Bowman v. Monsanto
October 5, 2012
Case #: 11-796
Court Below: Court of Appeals for the Federal Circuit, 657 F.3d 1341 (2011)
Full Text Opinion: http://www.cafc.uscourts.gov/images/stories/opinions-orders/10-1068.pdf
Patents: Whether patents on seeds containing self-replicating technology are exhausted after an authorized sale.
Petitioner is a farmer who purchased Respondent’s patented herbicide-resistant soybeans from a licensed producer. When he purchased the seed, Petitioner signed an agreement to neither save seed for replanting nor conduct research on the crop. Petitioner grew two crops in a season—the second from non-Respondent seed purchased from a local grain elevator—and conducted experiments for herbicide resistance on the second crop.

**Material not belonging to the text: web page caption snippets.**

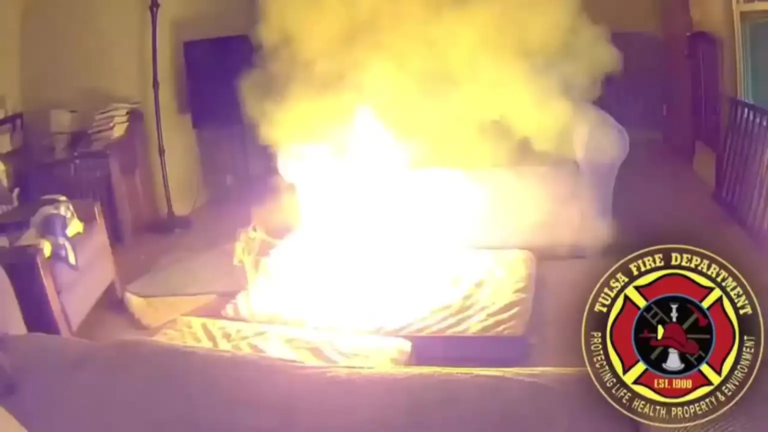 Perro causa incendio en su casa tras masticar batería de iones de litio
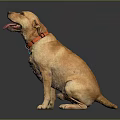 Yellow Labrador Dog Sitting With Tongue Out Wearing Red Collar On Dark Reflective Surface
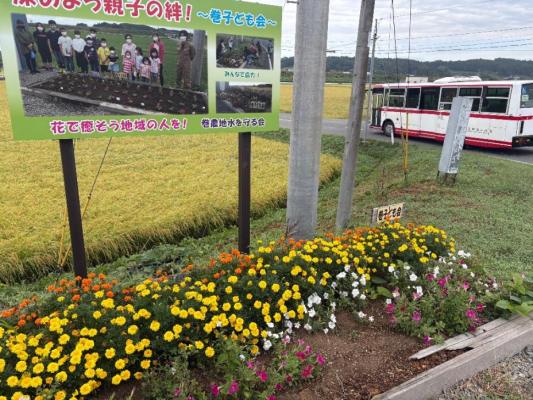 バス停にある「巻子ども会」の花だん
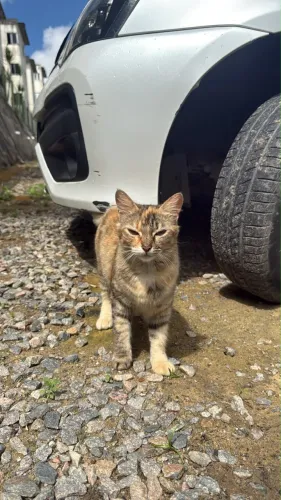 Gatinha para adoção responsável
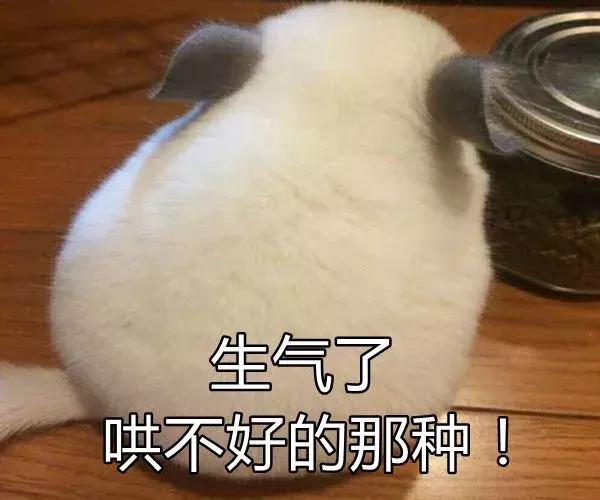 在线八字测试生男生女
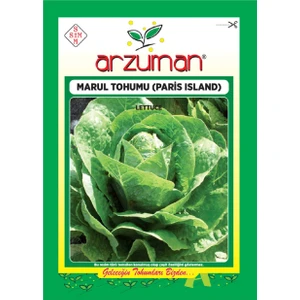 Marul Tohumu-Paris Island (10 Gr)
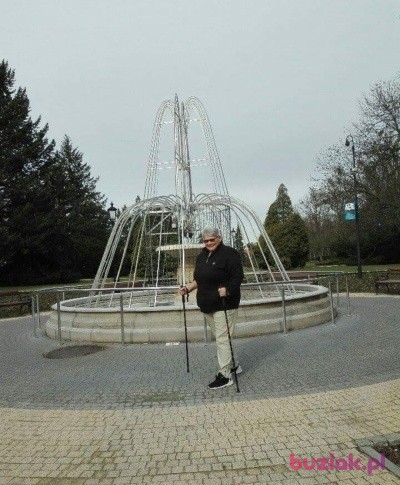Barbara, Kobieta, 70, Toruń, Polska, Zdjęcie: 3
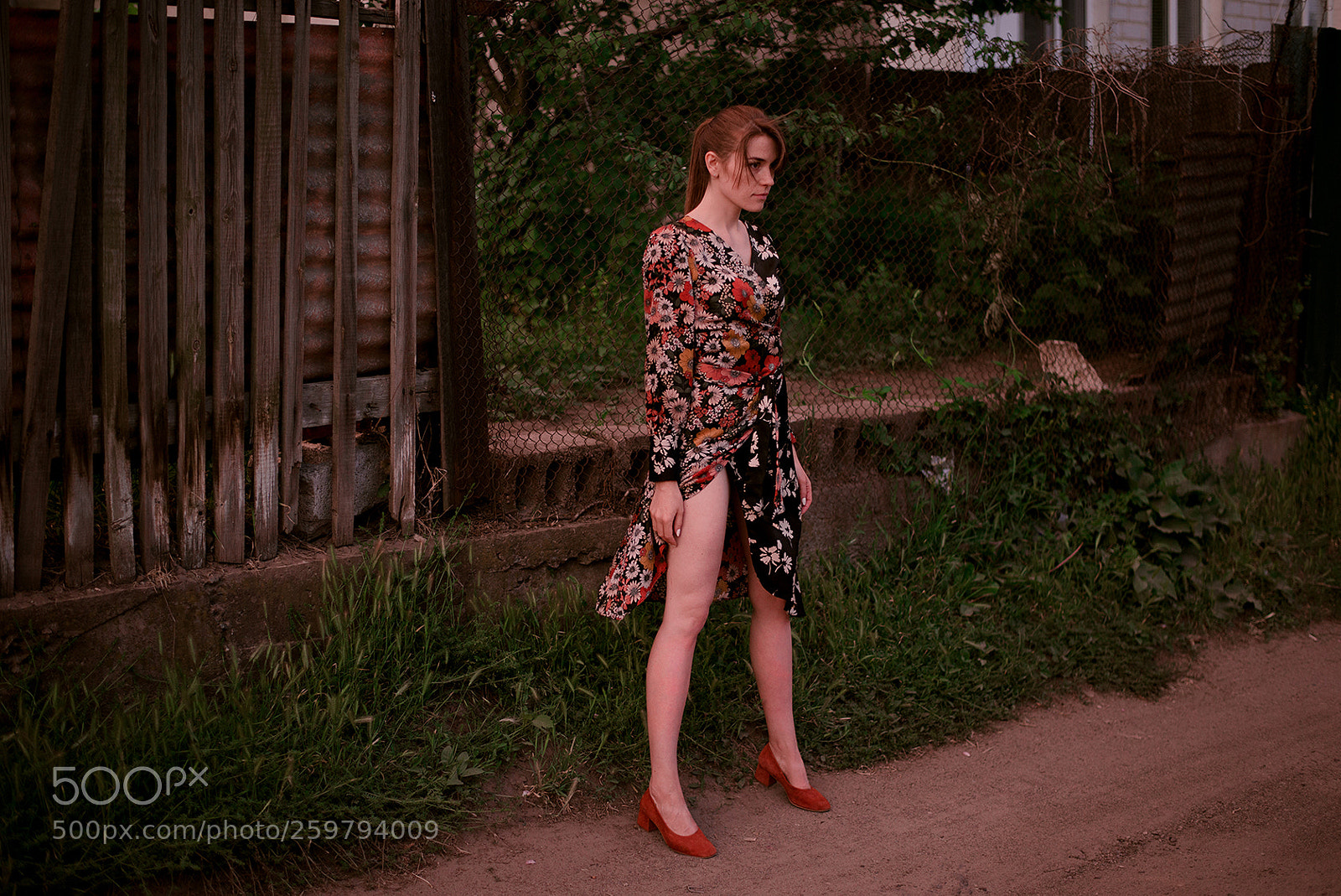 Nikon D610 sample photo. Blk photography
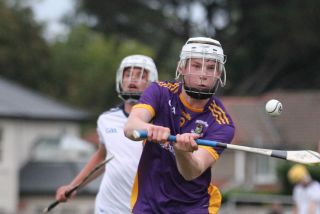 U17 A Hurlers vs Dublin U16 Team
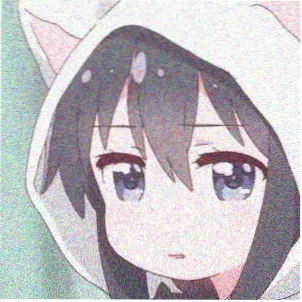 观众木野的头像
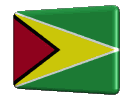Guyana flag animation
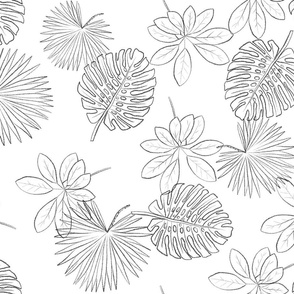Tropical Leaf Outlines on White - Large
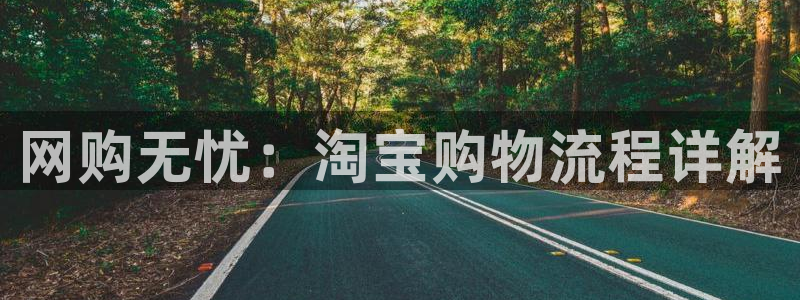 南宫28圈官网:网购无忧:淘宝购物流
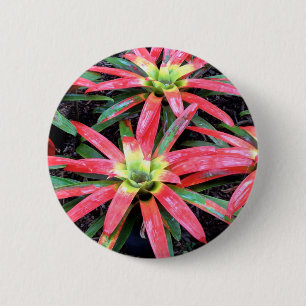 Runder Button der hawaiianischen Blume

The lower court concluded that Respondent’s patent rights in the seeds were not exhausted, because each generation of seeds constituted a new infringement on the patent. Were the first sale doctrine to apply to self-replicating technology, the rights of the patent holder would be eviscerated. Additionally, Respondent provided Petitioner actual notice of his infringement. The Court of Appeals for the Federal Circuit affirmed.

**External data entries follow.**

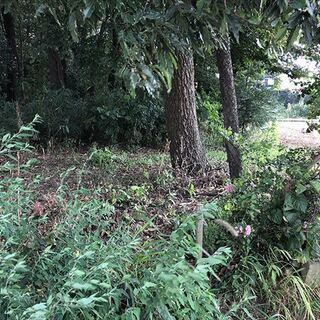【成約済】山林物件　茨城県猿島郡③ - 不動産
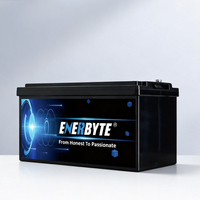 Paquete de Baterías de Iones de Litio de Ciclo Profundo Enerbyte, Batería de Iones de Litio LiFePO4 para RV, Carrito de Golf, AGV, ISO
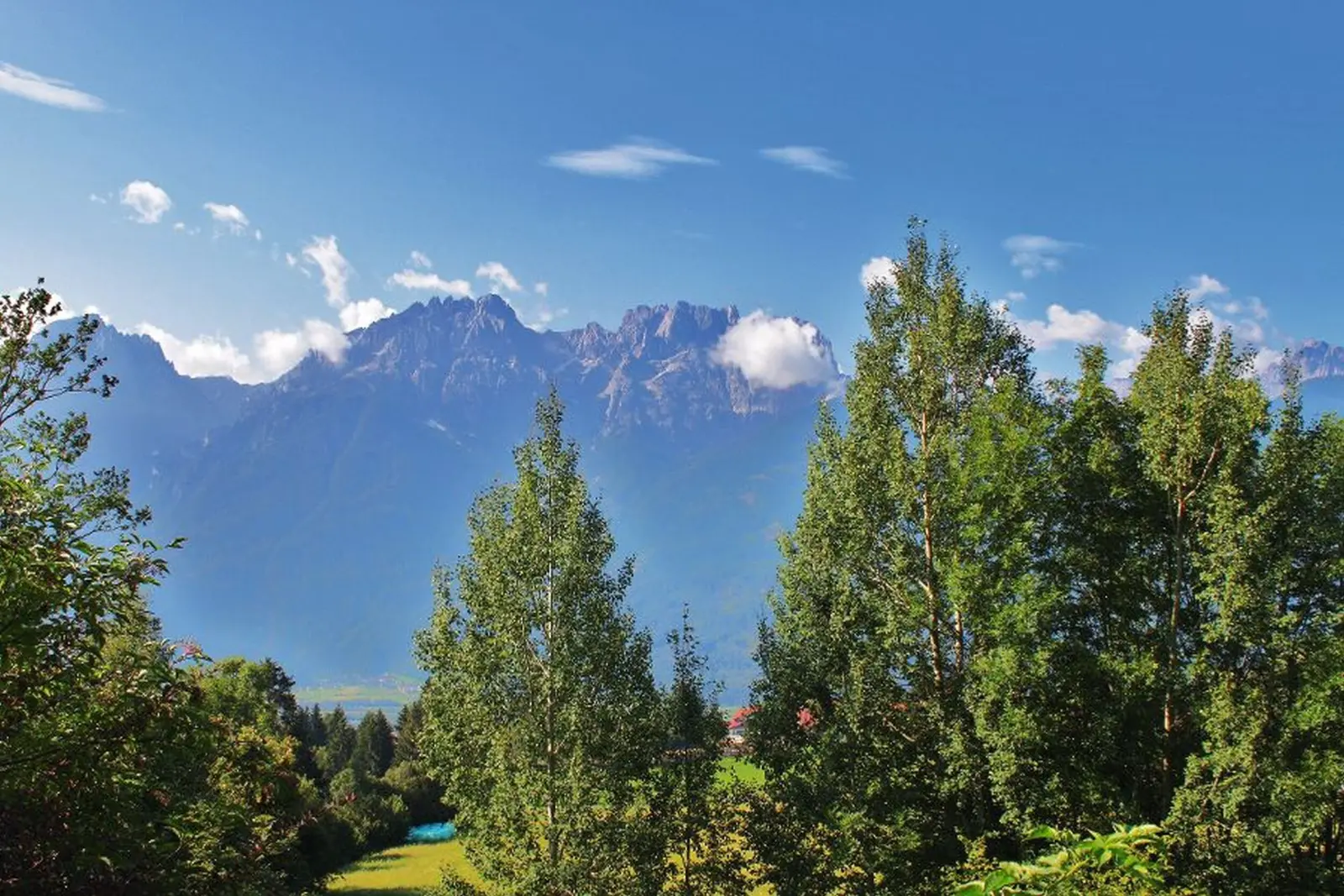 View of the Alps with trees in the foreground and a clear sky.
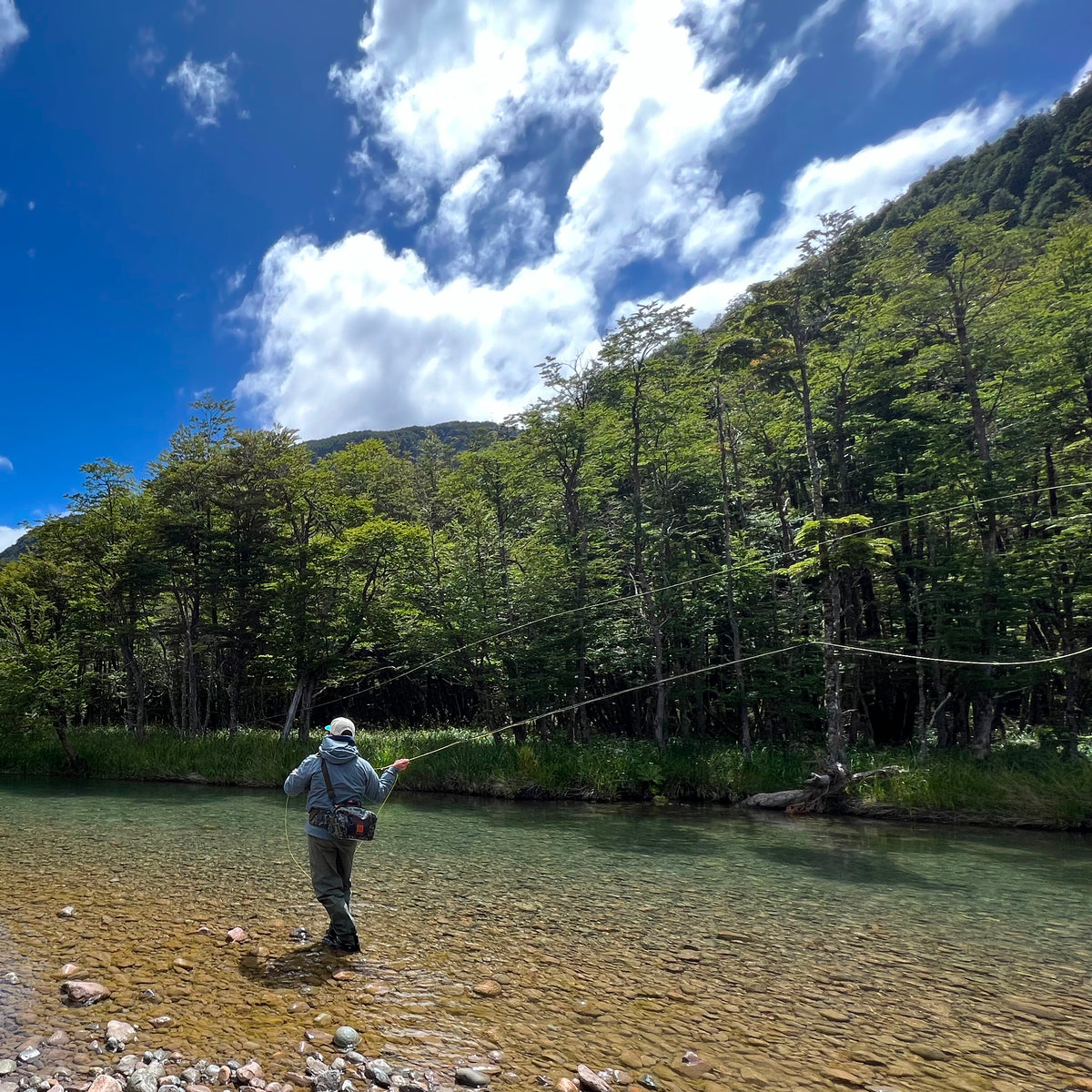 Defeating the Wind // Patagonia or Belgian Style Casting — Red's Fly Shop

On appeal, Petitioner argues that the appellate court decision was inconsistent with the exhaustion doctrine, which he argues owes more to common law contract doctrine than patent law. He also argues that the Federal Circuit improperly expanded patent rights in Mallinckrodt v. Medipart, in which it decided that exhaustion applied only to unconditional sales. Respondent also challenges the appellate court's position that farmers "make" new infringing articles when the seeds they plant generate new seeds.